The metaphor of life as a journey continues to be an important one to me. One of the most engaging pieces I have read on this theme is an interview with Alastair Humphrey’s a British traveller and dad! The whole interview can be read at
However the section I like most is transcribed below. It reminds us of the importance of engaging with the speed at which we travel. If we want to belong in the places we travel through we need to ‘slow down’! The mission of the disciples .. our mission .. to go into the world requires that we make this journey through life in a particular way. What follows is food for thought this morning!

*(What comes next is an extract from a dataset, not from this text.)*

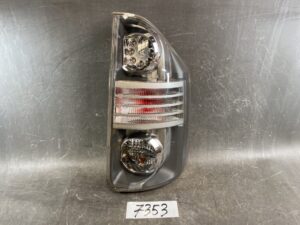 TOYOTA VOXY NOAH VOXY ZRR70 ZRR75 Genuine Taillight / ICHIKOH 28-199 / Right Side x1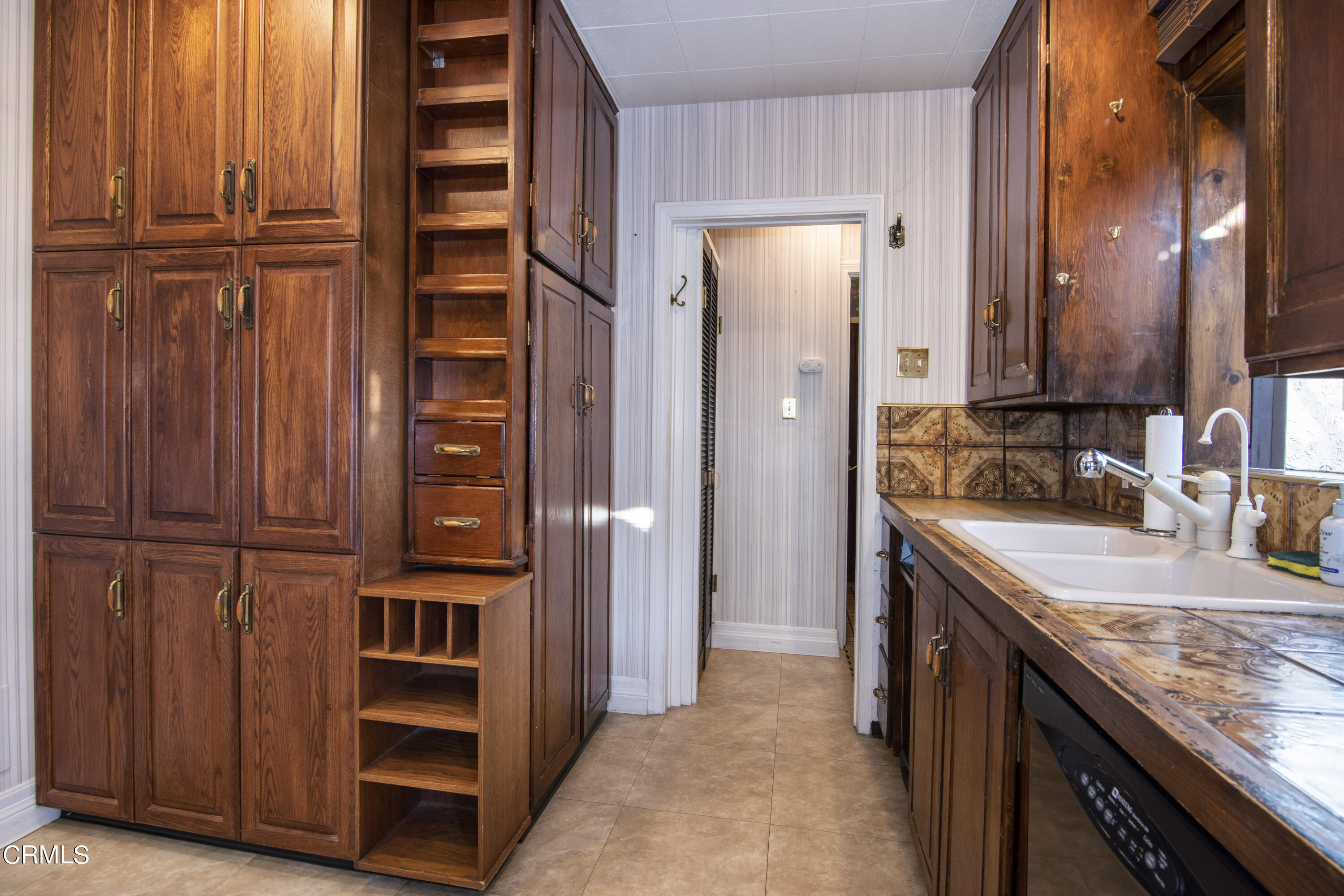 1024 Beverly Way Altadena, CA 91001 - Photo 14 of 53 CJC_8713B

ON HOW CULTURE SHOCK DISAPPEARS AT 10 MPH
It really struck me cycling around the world how often I felt culture shock. It was so rare on the trip as to actually really stand out when it did happen, whereas if you jump on an airplane to anywhere, well, it’s weird. Flying anywhere, you get through a terminal, you walk past the ATMs and the Starbucks and the guys with the iPads picking up taxi people and you could be anywhere in the world, but eventually at some point culture shock hits you hard when you travel by plane and you suddenly realize you’re somewhere very different.
When cycling one of the only culture shocks in my trip was taking the ferry from England to France, which is only two hours, because that suddenly was a change in language. From France until South Africa, it was pretty much land the whole way, just creeping across continents. The land changed at 10 miles an hour, so you just don’t really notice it changing. The language occasionally changes at borders, but the landscape you’re moving through and the general wealth of a place and the cultures of it was such a slow-moving change that I really felt comfortable pretty much everywhere I went. The few exceptions to that in the world were very jarring because they were so rare.
A real joy of traveling across countries by bicycle is that you move so sly that you can feel like you actually belong, which is an illusion, of course, but it’s quite a pleasant one to feel that you’re part of the place you’re going through, rather than just being a voyeuristic observer as I zoom into a place by taxi from an airport.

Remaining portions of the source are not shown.